### [EXERCISE DETAILS]
At the line with "2022 Toyota C-HR GXL (AWD) NGX50R", start transcribing; stop after the last line of the data below. Keep it exact and leave pictures out.

#####

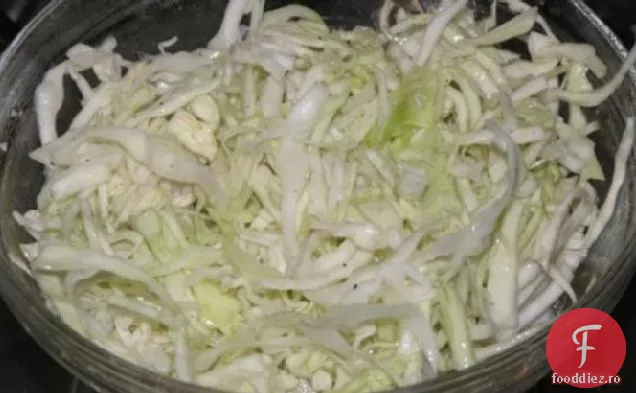 Salată Simplă De Varză Albă Croată De Nord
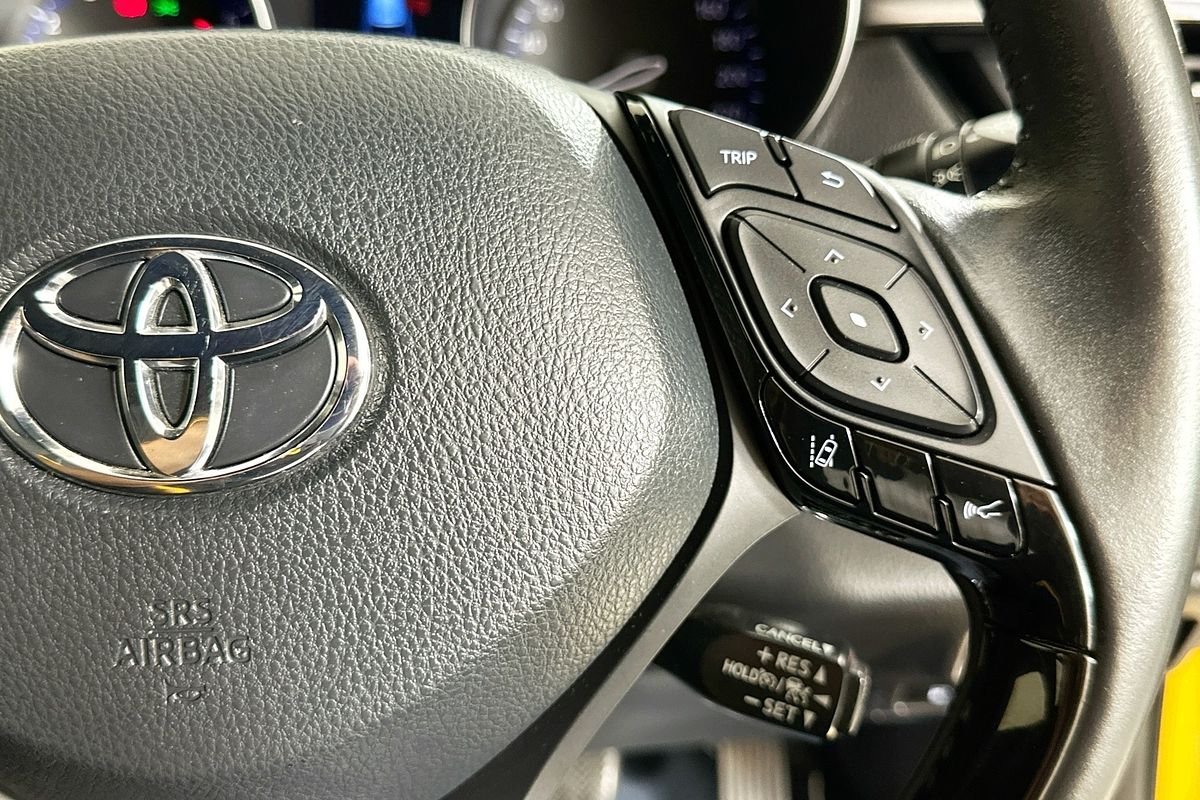 2022 Toyota C-HR GXL (AWD) NGX50R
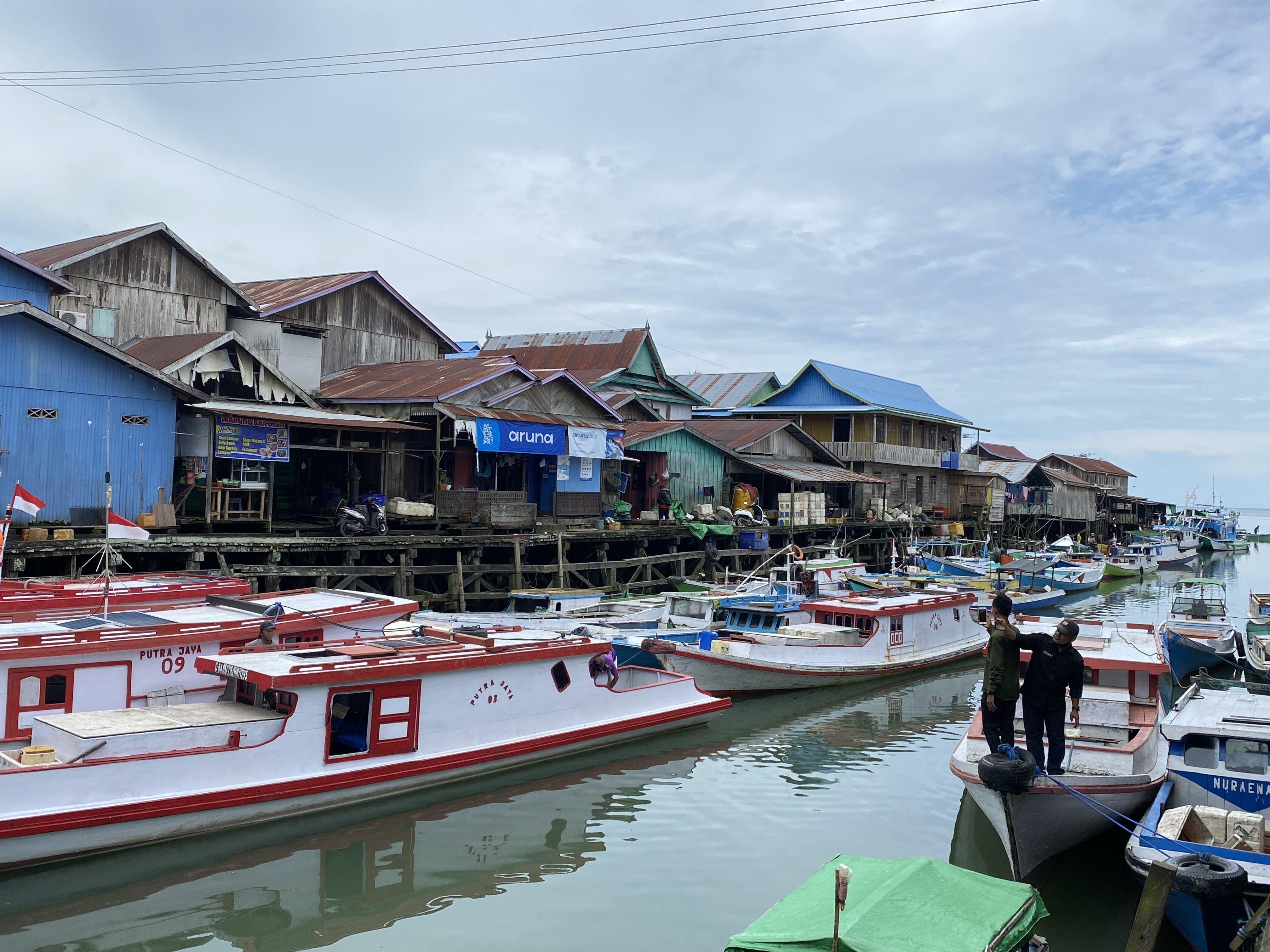ILUSTRASI: Gerai izin kapal nelayan yang sebelumnya dijadwalkan 4-6 November di 3 kampung pesisir terpaksa ditunda, lantaran kesiapan administrasi yang belum rampung. (IZZA/BP)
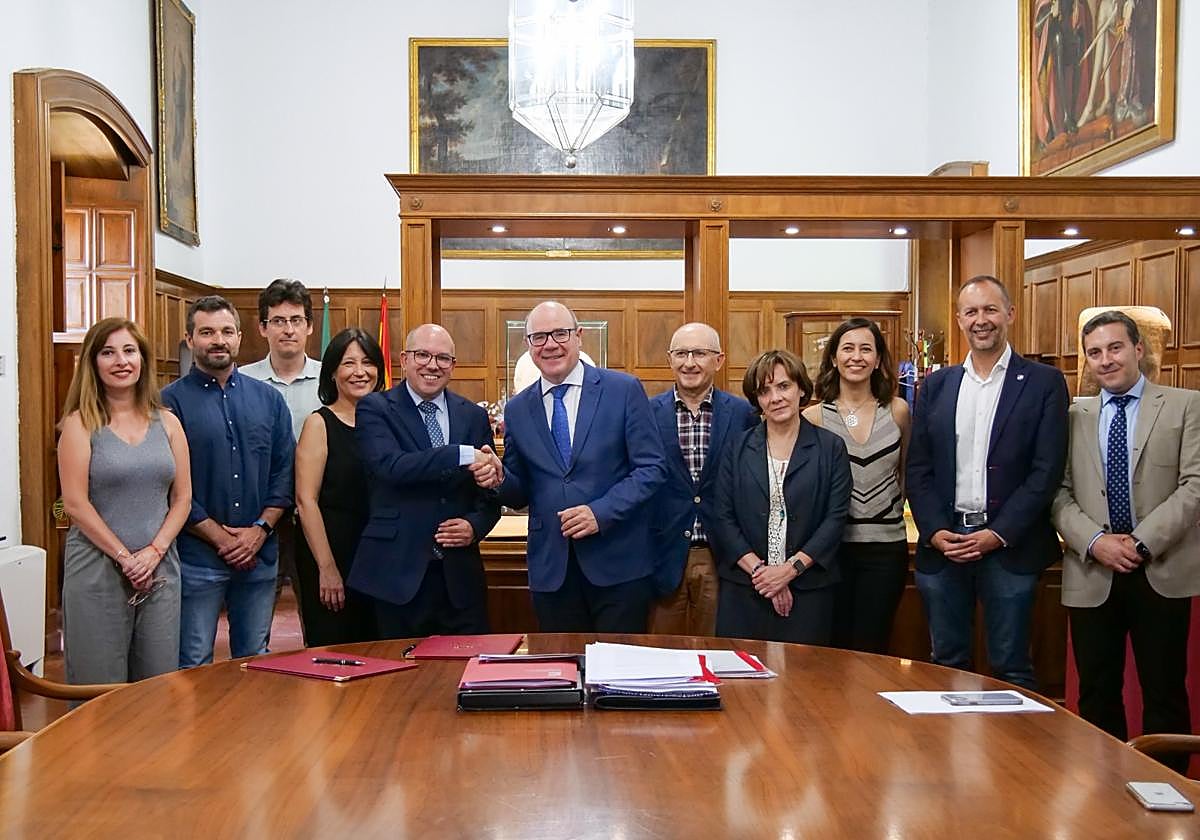 La iniciativa se enmarca en el Plan Estratégico de Adif y va dirigida a la recuperación social de activos en desuso.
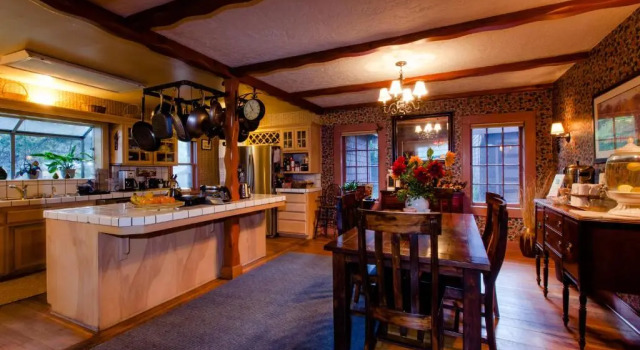 Strawberry Valley Inn, Réserver Auberge Mont Shasta Californie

#####

### [ANSWER TO THE EXERCISE]
 2022 Toyota C-HR GXL (AWD) NGX50R
ILUSTRASI: Gerai izin kapal nelayan yang sebelumnya dijadwalkan 4-6 November di 3 kampung pesisir terpaksa ditunda, lantaran kesiapan administrasi yang belum rampung. (IZZA/BP)
 La iniciativa se enmarca en el Plan Estratégico de Adif y va dirigida a la recuperación social de activos en desuso.
 Strawberry Valley Inn, Réserver Auberge Mont Shasta Californie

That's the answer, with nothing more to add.